戚照硯看見了她眸子中的迷蒙之意,或許她不勝酒力,今日本就是來消愁的,一時心頭像是被針尖紮了下。

他將自己的語氣放得和緩了些,幾乎是以誘哄的語調和荀遠微道:“殿下,酒喝多了對身體不好。”

荀遠微瞪了他一眼:“你管我?”

戚照硯只好將手松了開來。

荀遠微卻也沒有真得繼續喝酒,似是在低垂著腦袋想什麽。

忽然,她擡頭看向戚照硯。

恰此時戚照硯也正盯著她。

“戚照硯。”

“殿下。”

異口同聲。

戚照硯沒有說話,示意她先說。

“你知不知道,其實我很羨慕你。”荀遠微隨手將酒壺丟到身邊,任憑沒有喝完的酒灑在枯草上,而後將自己的雙臂環在膝蓋上,頭枕在上面,偏頭看著戚照硯。

戚照硯聞言,不免有些錯愕,“羨慕臣?”

因為他方才想說的,也是他很羨慕荀遠微,但眼下看來,是沒有機會了。

荀遠微緩慢地點點頭,“準確來說,是羨慕曾經的你。”

戚照硯瞳孔一震,卻也沒有反駁。

“天下人皆知,你我曾經因為彼此的那兩篇賦,被稱為‘文壇雙璧’,可那只是十五歲以前的我,我提劍上戰場後,便沒有這樣的機會了,我不止一次地聽過你又寫出了什麽新的作品,聽你出使靺鞨,看著你起家便是門下省給事中,這些都是我欣羨不來的……”荀遠微說著低下頭去。

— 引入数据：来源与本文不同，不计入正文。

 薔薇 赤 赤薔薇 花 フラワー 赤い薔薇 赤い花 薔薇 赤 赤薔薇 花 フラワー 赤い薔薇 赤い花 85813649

戚照硯想自己一定是瘋魔了,當年的事情,便是章綬有時同他提起,他都是嚴詞拒絕,他一點都不想想起當年的事情,但他竟然會為了荀遠微一次次地突破自己的底線。

在荀遠微將自己努力地想忘記的少年事一件件地擺在面前時,他竟然,一點都不生氣。

他更沒想到,自己會說:“但是這許多年來,既沒有人否認殿下在文學上的造詣,更沒有人敢忽視殿下的戰功,如若不是因為殿下鎮守北疆這幾年,將靺鞨阻擋在關外,大燕哪裏會有休整內政的機會,殿下才是大燕的長城。”

荀遠微又緩緩轉過頭來,看著他,眨了眨眼,“真得嗎?”

“嗯。”

荀遠微又搖了搖頭,“不是的,我連一個最平凡、最無辜的人都護不住,這些年沒有戰事,也不是我一個人的功績,我很清楚,那是因為有萬萬千千的將士曾經為國捐軀,馬革裹屍換來的。”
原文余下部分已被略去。